Task and some benefits:

So, what I wanted to do was to empirically determine how distant the 17 ideological groups are based on the textual data. Hierarchical clustering seems to be an appropriate unsupervised text mining method to study the defined problem. At the current stage, I think there are two types of data that will be useful from hierarchical clustering. The first one is the quantitative data of a 17 by 17 distance matrix, which is required during the hierarchical clustering process. The second one is the qualitative grouping output at the end of the hierarchical clustering process.


a. Represent the documents in a vector space model. The logic was explained in one of my previous post on cosine similarity. In brief, create a document-term matrix.

b. Weight the raw document-term matrix by tf-idf. The logic was also explained in the same post mentioned in Step a.

c. Calculate the Euclidean distances between any two documents.

d. Perform hierarchical clustering on the distance matrix created in Step c with a bottom-up approach. The general logic: 1. Treat each document as one cluster initially; 2. Find the most proximate two documents based on the distance matrix and group them as one cluster; 3. Create a new distance matrix; 4. Repeat Step 2 and Step 3 until all documents are in one cluster. Note that different algorithms (and complexity, of course) kick in in Step 3 regarding how the new distance matrix is calculated. The procedure in the following R script used Ward’s method (see more details in the documentation of hclust in R). I found this lecture notes (Greenacre, 2008) with numerical examples very helpful to understand hierarchical clustering.

Some R code:


# Steps a & b
tfidfdtm <- DocumentTermMatrix(corpus, control = list(bounds = list(global = c(2, Inf)),weighting = function(x) weightTfIdf(x, normalize = FALSE)))

# Step c
d <- dist(tfidfdtm, method="euclidian")

# Step d
hc <- hclust(d, "ward.D")

# Visualization
dend <- as.dendrogram(hc)
labels(dend) <- labels.txt[order.dendrogram(dend)]
dend <- set(dend, "labels_cex", 0.6)
dend <- color_branches(dend, k = 6)
par(mar = c(3,0,2,6))
plot(dend,horiz = T,main = "Clustering Dendrogram of 17 Ideological Labels")

Note that between Line 2 and Line 5, for space saving, I omitted a large chunk of code.
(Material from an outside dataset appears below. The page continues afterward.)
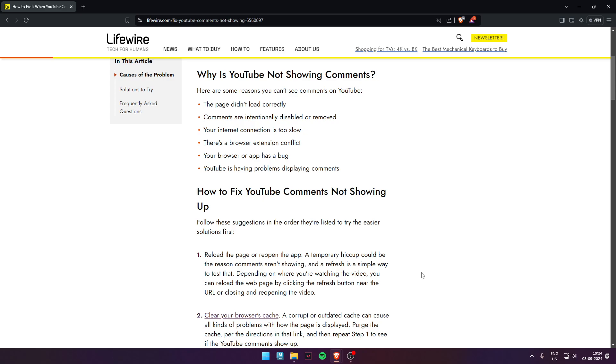Your internet connection may be too slow. There could be a browser extension conflict, or maybe your browser or app has a bug. Or maybe YouTube itself is having problems showing descriptions.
The omitted code created a corpus object containing 17 documents, and applied the standard text-preprocessing procedures (see the documentation of the tm package in R). And on Line 15, labels.txt is a list that contains the 17 ideological labels.

Dendrogram colored by 6 clusters:

“PUB” is the combined document for Private, Undisclosed, and Blank. Careful considerations need to be made when we interpret the meaningful clusters, which relates to what algorithms your clustering uses. Also, validation is also crucial for evaluating an unsupervised technique like hierarchical clustering. However, for an exploratory analysis, we can now have some clues answering the example question I raised in the beginning of this post: Is Socialist relatively closer to Liberal than to Conservative? Well, the clustering based on the empirical user-generated textual data revealed that Socialist is close neither to Liberal nor to Conservative.